Single by Commodores

from the album Midnight Magic
- B-side: "Such a Woman"
- Released: September 14, 1979 (US)
- Genre: Pop; soul; easy listening;
- Length: 5:50 3:45 (single edit)
- Label: Motown
- Songwriter: Lionel Richie
- Producers: James Anthony Carmichael, Commodores

Commodores singles chronology
| "Sail On" (1979) | "Still" (1979) | "Wonderland" (1979) |

= Still (Commodores song) =

"Still" is a 1979 song by the soul music group the Commodores. It was released as a single on Motown Records with "Such a Woman" as the B-side. The song appears on their 1979 hit album Midnight Magic. This was their last No. 1 hit in the United States.

Cash Box said it was a "tender, lilting ballad" with "a soft, building piano figure" and "expressive, plaintive lead vocal." Billboard praised the " poignant lyric and slow, romantic melodyline." Record World said that "The fragile piano and sensitive vocal ballad make an impact with a simple arrangement that bursts into a horn/string melodrama."

==Chart history==

===Weekly charts===

| Chart (1979–1980) | Peak position |
|---|---|
| Australia (Kent Music Report) | 38 |
| Canada RPM Adult Contemporary | 15 |
| Canada RPM Top Singles | 2 |
| Ireland (IRMA) | 3 |
| New Zealand (RIANZ) | 13 |
| UK Singles Chart | 4 |
| US Billboard Hot 100 | 1 |
| US Billboard Adult Contemporary | 6 |
| US Billboard R&B Singles | 1 |
| US Cash Box Top 100 | 1 |

===Year-end charts===

| Chart (1979) | Rank |
|---|---|
| U.S. Cash Box | 55 |

| Chart (1980) | Rank |
|---|---|
| Canada | 77 |
| U.S. Billboard Hot 100 | 23 |

===All-time charts===

| Chart (1958–2018) | Position |
|---|---|
| US Billboard Hot 100 | 322 |

==Cover versions==
In 1981, actor-singer John Schneider took a cover version to No. 69 on the pop chart.
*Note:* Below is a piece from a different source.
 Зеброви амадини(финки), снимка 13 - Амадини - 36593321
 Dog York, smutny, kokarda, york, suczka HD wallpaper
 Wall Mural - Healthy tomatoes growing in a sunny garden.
It was the B-side to his country single "Them Good Ol' Boys Are Bad", which reached No. 13 on the country chart.

In 1991, UK artist Shirley Bassey covered this song on her album titled, "Keep The Music Playing". This album was a hit both in the United Kingdom and New Zealand. Shirley included this song in her worldwide concert line-up throughout the 1990s.

The song was covered in a Cantonese version by Hong Kong singer Alan Tam as "My Heart Is Only You" (我心只有您).